Quote the listing below in its entirety, omitting every image.

Input data:

+++

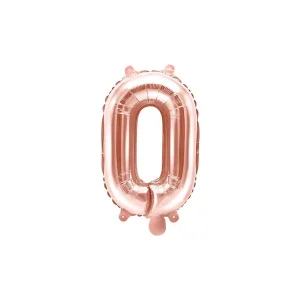 Folijski balon 35cm, slovo O, rose gold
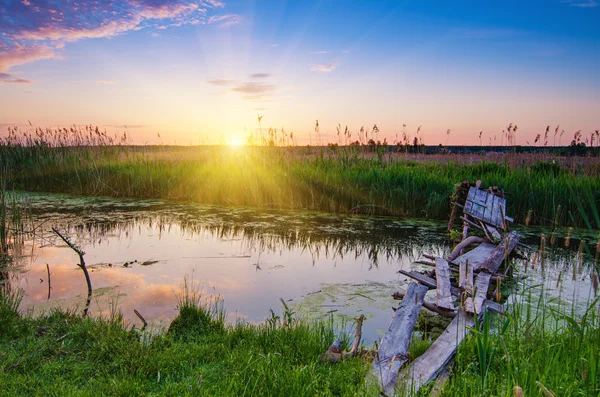 Landsbygden sommaren sunrise — Stockfoto
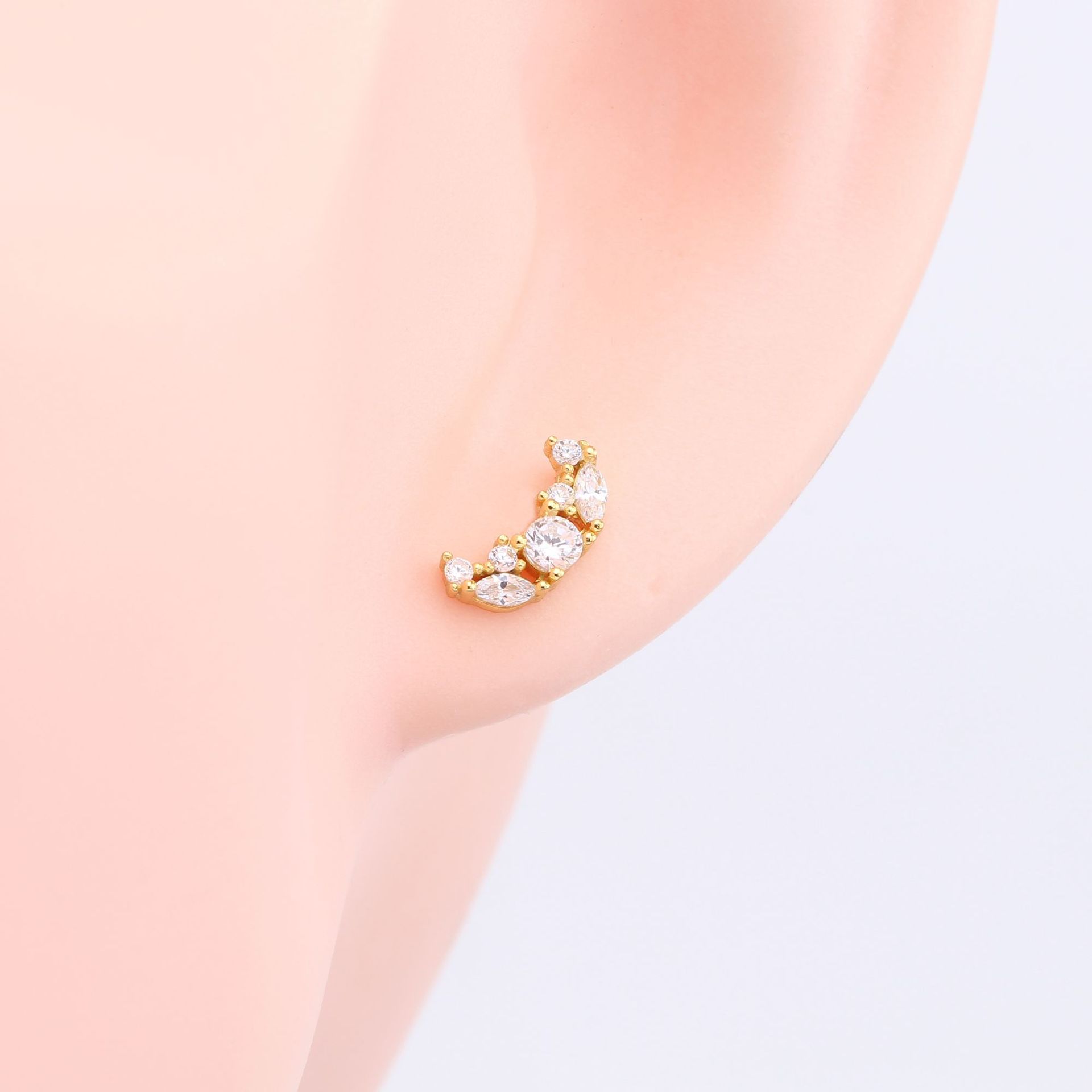 1 Pair Elegant Moon Inlay Sterling Silver Zircon Ear Studs display picture 5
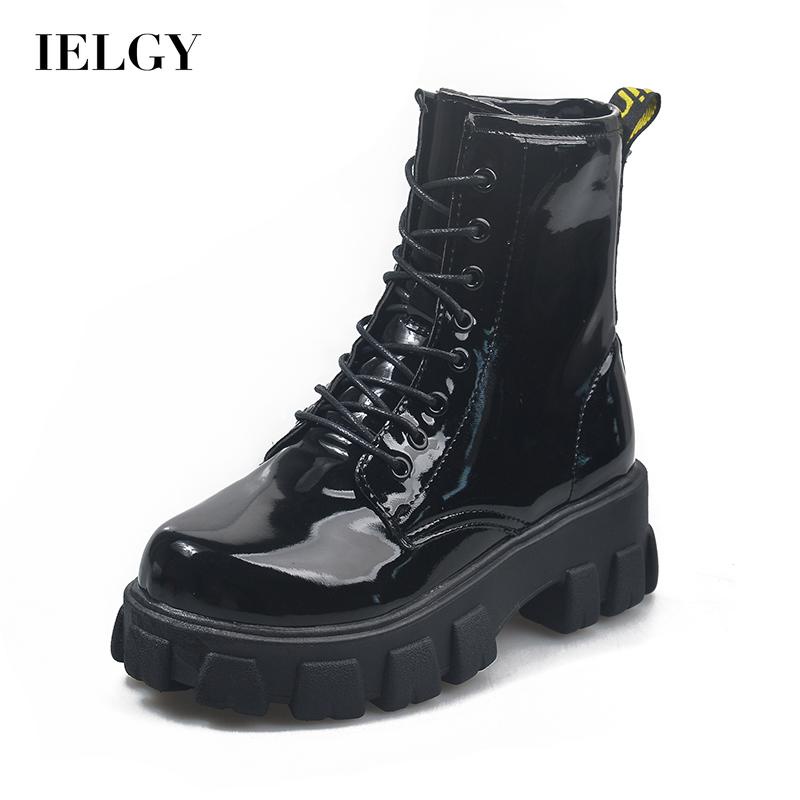Giày bốt IELGY gót cao vừa bề mặt sáng bóng thời trang Âu Mỹ cho nữ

+++

Solution to this problem:
 Folijski balon 35cm, slovo O, rose gold
 Landsbygden sommaren sunrise — Stockfoto
 1 Pair Elegant Moon Inlay Sterling Silver Zircon Ear Studs display picture 5
Giày bốt IELGY gót cao vừa bề mặt sáng bóng thời trang Âu Mỹ cho nữ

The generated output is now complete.